Index-only scans: the fast path
If your query only needs columns that are in the index, the database can skip the heap fetch entirely:
-- Standard index on (user_id)
-- This query needs user_id (in index) AND status (not in index) → heap fetch required
SELECT status FROM orders WHERE user_id = 42;
-- Covering index on (user_id, status)
CREATE INDEX idx_orders_user_status ON orders(user_id, status);
-- Now this query is an index-only scan — no heap fetch
SELECT status FROM orders WHERE user_id = 42;
In PostgreSQL, index-only scans also require the visibility map to indicate that heap pages don't need to be checked for row visibility (MVCC). Run VACUUM regularly to keep the visibility map current on heavily updated tables.
Write overhead: the cost side
Every index you add slows down writes:
- INSERT: add a new entry to each index B-tree
- UPDATE: if an indexed column changes, delete the old entry and insert a new one
- DELETE: mark the index entry as dead (it's cleaned up by vacuum/autovacuum)

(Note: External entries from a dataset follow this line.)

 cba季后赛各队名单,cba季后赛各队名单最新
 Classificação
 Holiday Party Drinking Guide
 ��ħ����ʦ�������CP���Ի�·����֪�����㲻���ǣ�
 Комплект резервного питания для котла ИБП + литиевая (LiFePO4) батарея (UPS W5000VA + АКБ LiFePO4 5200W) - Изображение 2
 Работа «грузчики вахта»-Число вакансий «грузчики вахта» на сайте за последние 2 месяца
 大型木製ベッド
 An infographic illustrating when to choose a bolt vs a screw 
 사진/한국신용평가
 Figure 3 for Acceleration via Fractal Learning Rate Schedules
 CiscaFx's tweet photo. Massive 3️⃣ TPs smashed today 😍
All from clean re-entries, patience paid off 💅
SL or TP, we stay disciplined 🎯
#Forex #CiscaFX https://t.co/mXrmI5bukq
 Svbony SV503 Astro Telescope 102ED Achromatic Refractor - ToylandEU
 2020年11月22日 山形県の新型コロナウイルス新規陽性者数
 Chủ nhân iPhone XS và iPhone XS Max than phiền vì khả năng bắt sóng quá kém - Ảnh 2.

On a table with 5 indexes, an INSERT writes to 6 places (the table + 5 indexes). On high-write tables, index overhead is a real cost. PostgreSQL's EXPLAIN (ANALYZE, BUFFERS) shows buffer writes, which lets you see the write amplification.
Index types beyond B-tree
Hash index: O(1) equality lookup, no range support. Useful for pure equality on high-cardinality columns. In PostgreSQL, hash indexes are now WAL-logged (since PG 10) and safe for production.
GIN (Generalized Inverted Index): for indexing multi-valued types — arrays, JSONB, tsvector. Used for full-text search and JSONB @> / ? operators.
GiST (Generalized Search Tree): for geometric types, range types, and full-text search. Also used by pg_trgm for LIKE/ILIKE pattern matching.
BRIN (Block Range INdex): stores min/max values per block range. Tiny size, useful only for columns that correlate strongly with physical storage order (e.g., auto-increment IDs, monotonically increasing timestamps). Excellent for time-series append tables.
-- BRIN on a time-series table where rows are inserted in timestamp order
CREATE INDEX idx_events_created_brin ON events USING BRIN (created_at);
-- This index is ~100x smaller than a B-tree index on the same column
-- Only useful for range queries on naturally ordered data
The index mental model applied
When a query is slow, your first question should be: is the predicate in my WHERE clause covered by an index? Check with EXPLAIN. If it's doing a Seq Scan, check whether a usable index exists and whether the optimizer's selectivity estimate is accurate. If the index exists but isn't used, investigate whether a function or cast is defeating it, or whether the optimizer correctly determined the seq scan is cheaper.